Bonds and Fixed Income: Lending Money for Interest
Yield, duration, credit risk, and the bond-equity relationship
Bond Basics
A bond is a borrower’s promise: periodic coupons and principal at maturity. The Investment Company Institute tracks global bond markets on the order of tens of trillions of USD—larger than public equity by notional.
“Fixed income” is a label, not a guarantee—prices still swing when rates move.
Yield, Duration, Curve
Yield solves the discount rate that prices the cash flows. Modified duration approximates % price change for a parallel yield shift—rough guide, not options-aware convexity.
The yield curve plots Treasury yields by maturity. Brief inversions (2s10s < 0) preceded many U.S. recessions; false positives exist too—macro is messier than a single chart.
Macro Link to Risk Assets
The 10-year U.S. Treasury yield anchors discount rates for long-duration equities and crypto narratives.
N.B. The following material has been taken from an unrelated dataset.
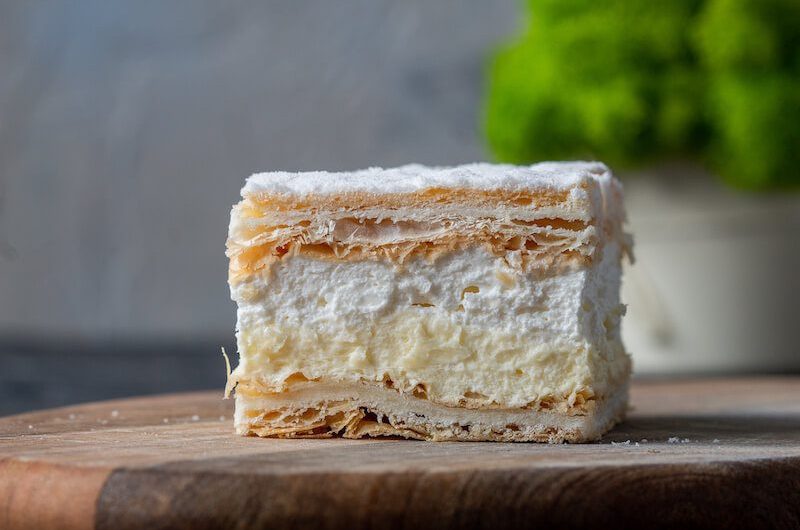 Papal cream cake - Polish dessert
In 2022, rapid Fed hikes lifted real yields; high-beta assets repriced hard alongside growth stocks—not because “bonds beat BTC,” but because the risk-free rate rose.
SVB (March 2023): Rate Risk in Plain Sight
Silicon Valley Bank held long-duration bonds when the Fed moved from near-zero toward 5%+ policy rates. Unrealized HTM/AFS losses ballooned; when deposits fled, selling crystallized losses and equity vaporized—the FDIC placed SVB into receivership March 10, 2023.
The villain was duration and liquidity, not crypto on the asset side—though contagion hit sentiment everywhere.
How Traders Use Rates
Watch real yields (TIPS breakevens), dollar index, and curve shape—not just spot BTC. When DeFi stable yields sit below T-bills, you are taking smart-contract risk for less carry—make that explicit.
GaiaEx perps still care about funding and liquidation distance; macro explains the tide, microstructure explains your fill.